Identify all lines of the data containing the string "Vintage" and copy them.
Dataset records: Begin
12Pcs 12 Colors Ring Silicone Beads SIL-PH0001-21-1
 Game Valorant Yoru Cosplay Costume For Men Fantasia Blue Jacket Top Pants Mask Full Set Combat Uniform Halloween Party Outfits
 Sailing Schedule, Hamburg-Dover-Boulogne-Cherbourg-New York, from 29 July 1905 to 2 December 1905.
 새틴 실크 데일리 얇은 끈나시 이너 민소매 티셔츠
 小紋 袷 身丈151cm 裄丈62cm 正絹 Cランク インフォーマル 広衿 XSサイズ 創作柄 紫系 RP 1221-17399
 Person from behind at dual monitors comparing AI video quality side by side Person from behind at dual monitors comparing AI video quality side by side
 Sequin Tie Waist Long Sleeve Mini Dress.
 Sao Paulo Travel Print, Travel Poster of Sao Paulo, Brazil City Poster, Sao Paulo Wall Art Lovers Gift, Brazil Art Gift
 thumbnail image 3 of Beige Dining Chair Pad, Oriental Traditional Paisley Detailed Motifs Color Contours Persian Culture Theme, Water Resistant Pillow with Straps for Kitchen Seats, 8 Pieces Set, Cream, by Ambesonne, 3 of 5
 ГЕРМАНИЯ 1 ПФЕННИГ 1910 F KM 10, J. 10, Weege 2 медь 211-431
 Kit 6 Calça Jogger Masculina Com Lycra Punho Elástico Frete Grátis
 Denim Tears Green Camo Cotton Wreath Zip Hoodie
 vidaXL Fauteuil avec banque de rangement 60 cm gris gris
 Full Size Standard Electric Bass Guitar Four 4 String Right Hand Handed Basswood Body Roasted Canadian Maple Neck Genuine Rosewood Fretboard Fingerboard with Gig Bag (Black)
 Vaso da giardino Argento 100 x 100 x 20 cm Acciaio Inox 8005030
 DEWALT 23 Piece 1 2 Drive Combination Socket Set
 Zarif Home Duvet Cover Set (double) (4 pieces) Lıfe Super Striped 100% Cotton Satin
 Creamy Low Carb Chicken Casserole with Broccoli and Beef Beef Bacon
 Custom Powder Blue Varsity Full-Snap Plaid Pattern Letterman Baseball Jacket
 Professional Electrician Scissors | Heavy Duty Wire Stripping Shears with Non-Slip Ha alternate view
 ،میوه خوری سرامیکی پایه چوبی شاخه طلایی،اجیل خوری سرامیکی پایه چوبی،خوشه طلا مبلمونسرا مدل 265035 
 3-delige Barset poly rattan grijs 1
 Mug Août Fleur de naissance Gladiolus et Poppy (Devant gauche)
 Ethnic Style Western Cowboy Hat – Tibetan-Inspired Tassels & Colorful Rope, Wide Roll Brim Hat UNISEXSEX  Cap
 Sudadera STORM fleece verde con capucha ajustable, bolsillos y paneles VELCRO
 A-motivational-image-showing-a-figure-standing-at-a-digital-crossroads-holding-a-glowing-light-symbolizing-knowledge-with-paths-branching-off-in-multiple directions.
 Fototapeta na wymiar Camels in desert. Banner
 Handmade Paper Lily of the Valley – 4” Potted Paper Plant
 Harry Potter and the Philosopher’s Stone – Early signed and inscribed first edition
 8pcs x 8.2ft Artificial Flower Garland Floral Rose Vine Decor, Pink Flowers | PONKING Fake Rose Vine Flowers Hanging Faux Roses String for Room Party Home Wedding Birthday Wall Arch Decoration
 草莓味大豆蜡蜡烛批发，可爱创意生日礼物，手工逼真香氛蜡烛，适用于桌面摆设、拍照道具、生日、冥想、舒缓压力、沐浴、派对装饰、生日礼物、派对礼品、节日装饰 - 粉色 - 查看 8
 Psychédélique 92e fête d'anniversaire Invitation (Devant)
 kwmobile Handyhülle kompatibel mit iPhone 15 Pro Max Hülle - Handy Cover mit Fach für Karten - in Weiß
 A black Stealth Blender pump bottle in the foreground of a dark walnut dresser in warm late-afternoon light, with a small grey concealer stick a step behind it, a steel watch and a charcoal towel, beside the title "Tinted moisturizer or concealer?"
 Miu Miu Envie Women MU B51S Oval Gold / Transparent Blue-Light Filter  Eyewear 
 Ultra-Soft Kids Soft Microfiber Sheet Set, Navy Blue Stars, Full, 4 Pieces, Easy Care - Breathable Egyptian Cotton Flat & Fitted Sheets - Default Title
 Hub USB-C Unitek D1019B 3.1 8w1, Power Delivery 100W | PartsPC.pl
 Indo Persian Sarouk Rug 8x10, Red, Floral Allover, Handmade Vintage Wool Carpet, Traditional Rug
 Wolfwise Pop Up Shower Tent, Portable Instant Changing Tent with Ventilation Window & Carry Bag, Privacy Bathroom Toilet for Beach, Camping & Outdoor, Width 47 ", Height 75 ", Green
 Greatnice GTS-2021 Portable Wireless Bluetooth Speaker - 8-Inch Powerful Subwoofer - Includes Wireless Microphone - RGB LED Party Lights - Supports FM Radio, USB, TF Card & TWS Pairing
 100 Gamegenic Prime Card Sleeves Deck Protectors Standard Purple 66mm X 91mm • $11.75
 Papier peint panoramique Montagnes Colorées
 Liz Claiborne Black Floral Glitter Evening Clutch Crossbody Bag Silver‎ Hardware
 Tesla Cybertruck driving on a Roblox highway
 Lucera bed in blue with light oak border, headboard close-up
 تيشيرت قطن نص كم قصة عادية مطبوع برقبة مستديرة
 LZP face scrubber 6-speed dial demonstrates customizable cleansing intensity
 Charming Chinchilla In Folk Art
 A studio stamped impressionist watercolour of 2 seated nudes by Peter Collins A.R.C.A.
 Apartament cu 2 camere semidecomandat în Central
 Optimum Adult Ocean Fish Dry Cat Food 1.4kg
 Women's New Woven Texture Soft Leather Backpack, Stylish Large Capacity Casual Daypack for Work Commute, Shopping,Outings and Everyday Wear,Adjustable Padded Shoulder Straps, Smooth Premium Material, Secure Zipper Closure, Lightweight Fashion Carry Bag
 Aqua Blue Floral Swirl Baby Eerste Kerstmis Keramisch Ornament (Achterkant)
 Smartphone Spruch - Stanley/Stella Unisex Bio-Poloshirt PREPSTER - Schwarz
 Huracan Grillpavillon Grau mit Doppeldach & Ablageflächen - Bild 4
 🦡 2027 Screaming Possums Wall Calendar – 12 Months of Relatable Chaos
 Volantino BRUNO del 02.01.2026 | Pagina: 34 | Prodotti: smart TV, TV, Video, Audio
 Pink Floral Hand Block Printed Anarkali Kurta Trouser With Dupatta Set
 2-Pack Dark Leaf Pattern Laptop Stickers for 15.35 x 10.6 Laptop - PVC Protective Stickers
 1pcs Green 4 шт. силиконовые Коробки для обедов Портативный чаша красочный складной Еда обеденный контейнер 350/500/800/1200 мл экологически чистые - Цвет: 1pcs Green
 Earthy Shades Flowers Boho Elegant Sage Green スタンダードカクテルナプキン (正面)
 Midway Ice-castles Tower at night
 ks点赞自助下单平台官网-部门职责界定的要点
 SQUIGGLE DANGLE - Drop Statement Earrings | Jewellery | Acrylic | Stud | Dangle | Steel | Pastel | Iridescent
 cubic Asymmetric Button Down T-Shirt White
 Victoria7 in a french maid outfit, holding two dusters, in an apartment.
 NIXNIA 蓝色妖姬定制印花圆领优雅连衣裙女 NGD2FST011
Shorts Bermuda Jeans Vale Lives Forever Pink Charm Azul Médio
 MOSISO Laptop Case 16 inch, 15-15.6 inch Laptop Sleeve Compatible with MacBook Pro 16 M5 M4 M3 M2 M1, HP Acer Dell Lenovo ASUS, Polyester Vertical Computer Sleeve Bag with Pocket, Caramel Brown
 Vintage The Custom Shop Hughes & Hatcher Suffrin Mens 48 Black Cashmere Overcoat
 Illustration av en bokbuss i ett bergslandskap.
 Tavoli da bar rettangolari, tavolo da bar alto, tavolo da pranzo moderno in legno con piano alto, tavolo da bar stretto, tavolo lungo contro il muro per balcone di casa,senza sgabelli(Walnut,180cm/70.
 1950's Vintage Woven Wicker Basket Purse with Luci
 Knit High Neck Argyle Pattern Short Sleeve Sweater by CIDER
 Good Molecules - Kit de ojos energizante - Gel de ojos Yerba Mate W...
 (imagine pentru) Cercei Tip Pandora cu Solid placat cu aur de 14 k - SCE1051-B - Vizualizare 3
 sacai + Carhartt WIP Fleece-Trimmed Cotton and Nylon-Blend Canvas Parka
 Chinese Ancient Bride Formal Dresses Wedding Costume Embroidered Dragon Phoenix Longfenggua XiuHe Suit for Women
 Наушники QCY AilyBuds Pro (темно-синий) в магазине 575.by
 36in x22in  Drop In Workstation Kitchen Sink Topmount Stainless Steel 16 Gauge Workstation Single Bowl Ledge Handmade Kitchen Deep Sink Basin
Dataset records: End
**Written answer:**
 Indo Persian Sarouk Rug 8x10, Red, Floral Allover, Handmade Vintage Wool Carpet, Traditional Rug
 Vintage The Custom Shop Hughes & Hatcher Suffrin Mens 48 Black Cashmere Overcoat
 1950's Vintage Woven Wicker Basket Purse with Luci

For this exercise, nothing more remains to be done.